## DIRECTIONS FOR THIS TASK
The result should be an exact copy of only the lines from the one holding "2019 WEBEOC USERS" through the last line of the data below, please, without pictures.

## AVAILABLE DATA
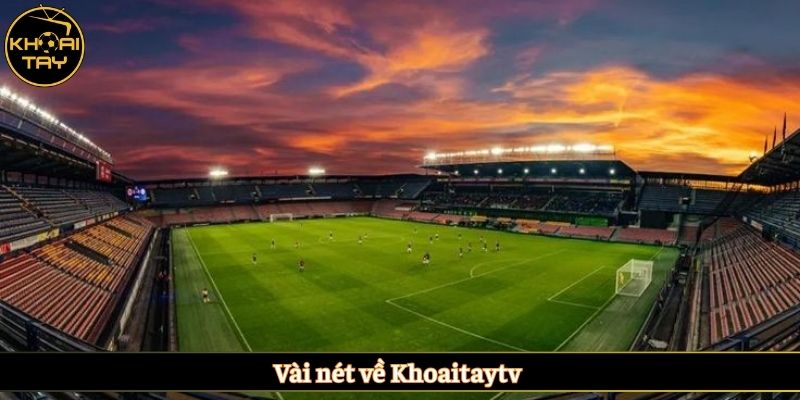 Vài nét về Khoaitaytv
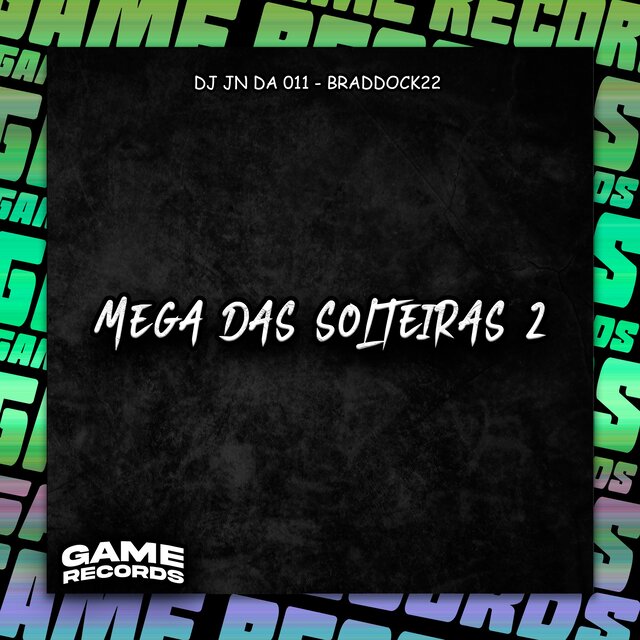 Mega Das Solteiras 2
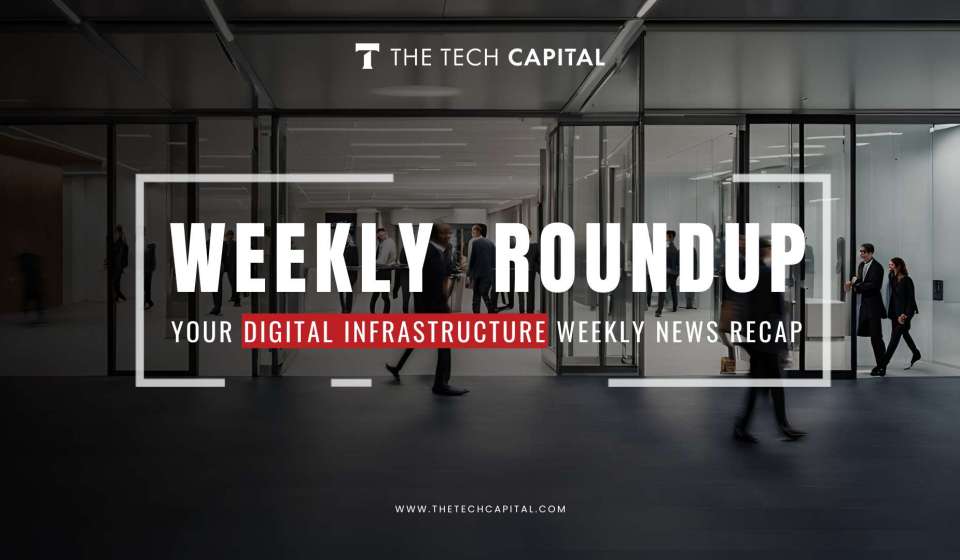 Your digital infrastructure weekly recap from The Tech Capital – Week 37’24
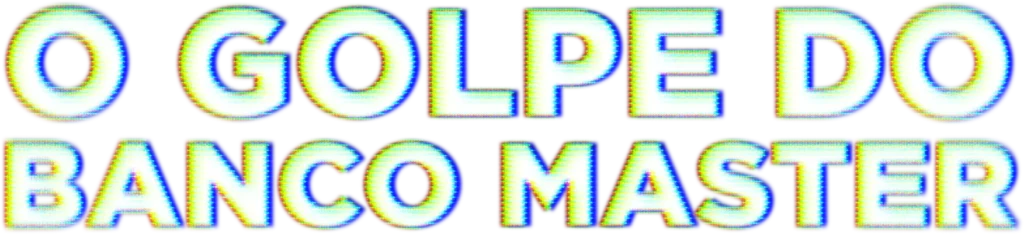 O Golpe do Banco Master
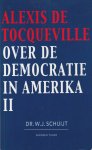 Tocqueville, A de - Over de democratie in Amerika 2
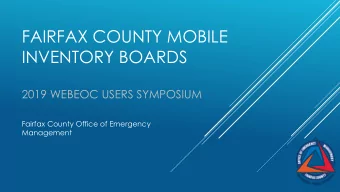 INVENTORY BOARDS  2019 WEBEOC USERS SYMPOSIUM  Fairfax County Office of Emergency  Management
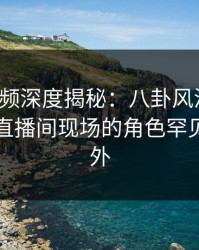 樱桃视频深度揭秘：八卦风波背后，明星在直播间现场的角色罕见令人意外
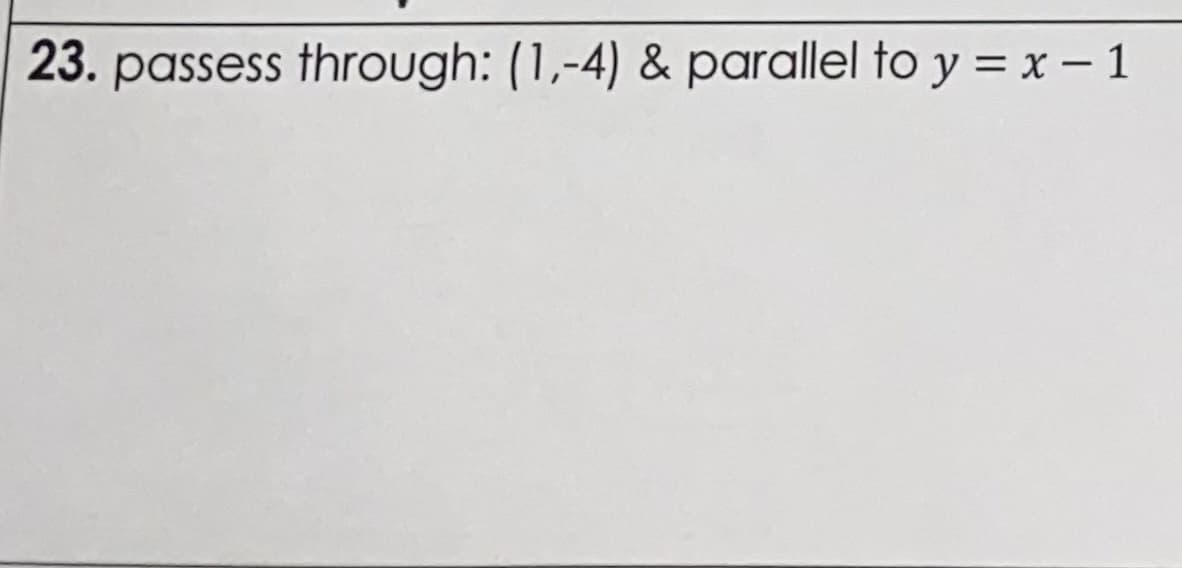 23. passess through: (1,-4) & parallel to y = x – 1
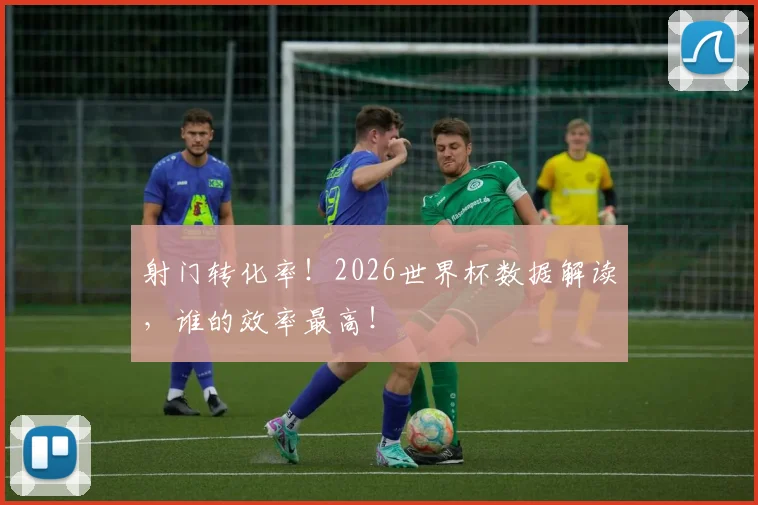 射门转化率！2026世界杯数据解读，谁的效率最高！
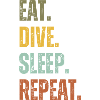 EAT DIVE SLEEP REPEAT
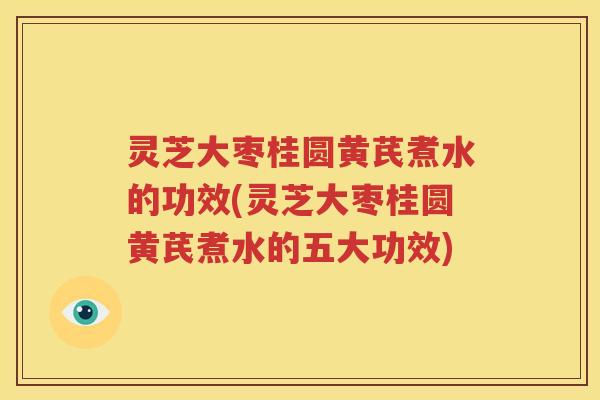 灵芝大枣桂圆黄芪煮水的功效(灵芝大枣桂圆黄芪煮水的五大功效)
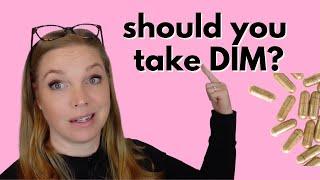 Should you take DIM?!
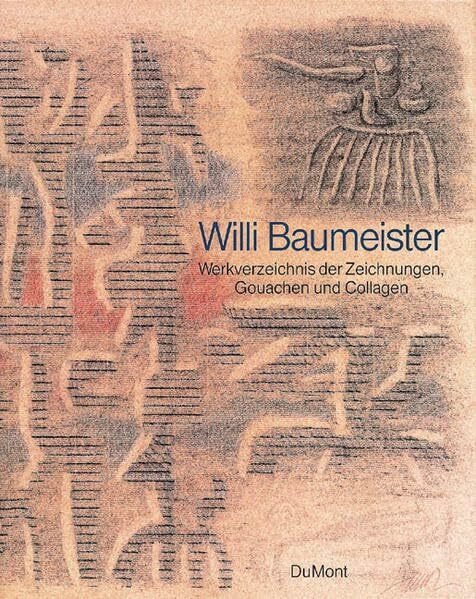 Willi Baumeister: Werkverzeichnis der Zeichnungen, Gouachen und Collagen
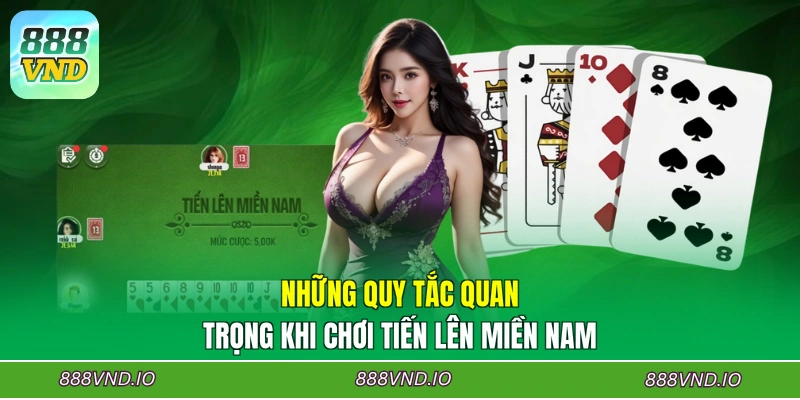 Những quy tắc quan trọng khi chơi Tiến Lên Miền Nam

## SOLUTION
 INVENTORY BOARDS  2019 WEBEOC USERS SYMPOSIUM  Fairfax County Office of Emergency  Management
 樱桃视频深度揭秘：八卦风波背后，明星在直播间现场的角色罕见令人意外
 23. passess through: (1,-4) & parallel to y = x – 1
 射门转化率！2026世界杯数据解读，谁的效率最高！
 EAT DIVE SLEEP REPEAT
 灵芝大枣桂圆黄芪煮水的功效(灵芝大枣桂圆黄芪煮水的五大功效)
 Should you take DIM?!
 Willi Baumeister: Werkverzeichnis der Zeichnungen, Gouachen und Collagen
 Những quy tắc quan trọng khi chơi Tiến Lên Miền Nam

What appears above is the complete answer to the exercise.